Costs orders: If a costs order is made in your favour during the proceedings, and the amount assessed as being payable to you under that costs order exceeds the amount of our fixed fee or retainer fee, then you are liable for the higher amount. We will not require you to pay the excess unless and until you recover that amount from the parties liable to pay the costs order.

(Emphasis in italics added.)

15    The assertion, or at least implication, by Ms Giles that Ms Dyer may not be able to pay back the $430,200 paid to her in respect of costs if the appeals are successful would appear to be based on a brief passage in a media article annexed to her affidavit. That article, which was published in the Good Weekend magazine of the Sydney Morning Herald on 28 January 2022 related to Ms Dyer and touched on her involvement in the circumstances that ultimately culminated in publications that were the subject of the defamation proceedings commenced by Mr Porter. The article also referred to the injunction proceedings and Ms Dyer’s concerns about possibly having to pay Ms Chrysanthou and Mr Porter’s costs if she was unsuccessful in those proceedings. The passage in the article which was emphasised in Ms Giles’ affidavit was as follows:

The night before the judge’s decision, “there was such a weight in the house”, recalls Michael Rowland. “It was very quiet, not much overt emotion: just this weight. I remember thinking, ‘Even if she sells everything she owns and we all sell everything, she’s not going to be able to.’”

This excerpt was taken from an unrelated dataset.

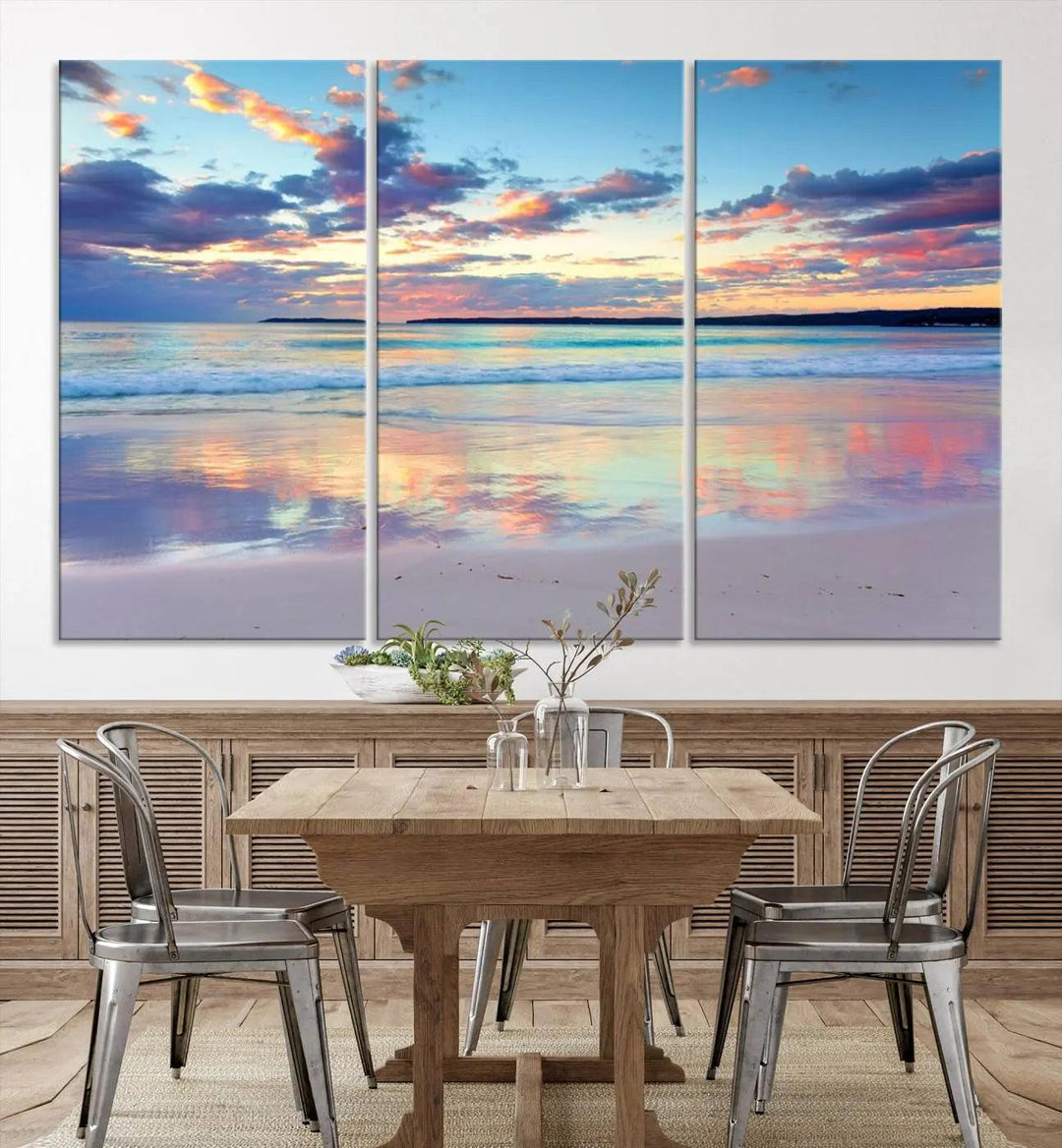 A modern living room is accentuated by a stunning Tranquil Pastel Sunset Beach Triptych Canvas Art on the wall, epitomizing coastal home decor elegance.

16    According to the article, Mr Michael Rowland was staying in Ms Dyer’s sunroom at the time. The article does not otherwise explore the precise nature of the relationship between Ms Dyer and Mr Rowland. It was certainly not clear that Mr Rowland would necessarily have had any real knowledge of Ms Dyer’s financial position or her ability, or inability, to meet any possible adverse costs order.

17    It should also be noted that the article made clear that Ms Dyer was a relatively well known and successful figure in the arts sector. That fact is capable of casting some doubt on Ms Giles’ assertion or suggestion concerning Ms Dyer’s ability to repay the $430,200, should it be paid to her, if the appeals by Mr Porter and Ms Chysanthou ultimately succeed. While those in the arts sector may generally not be as well remunerated as those in other sectors of the economy or community (such as those in the legal sector), it would appear to be unlikely that Ms Dyer is impecunious or devoid of any assets.

18    As for Mr Porter’s appeal in respect of the injunction judgment and costs judgment, Ms Giles states that she believes the merits of the appeal are strong. She does not, however, elaborate on that belief or the basis for it. She does not refer to the grounds of the appeal or annex to her affidavit a copy of Mr Porter’s notice of appeal.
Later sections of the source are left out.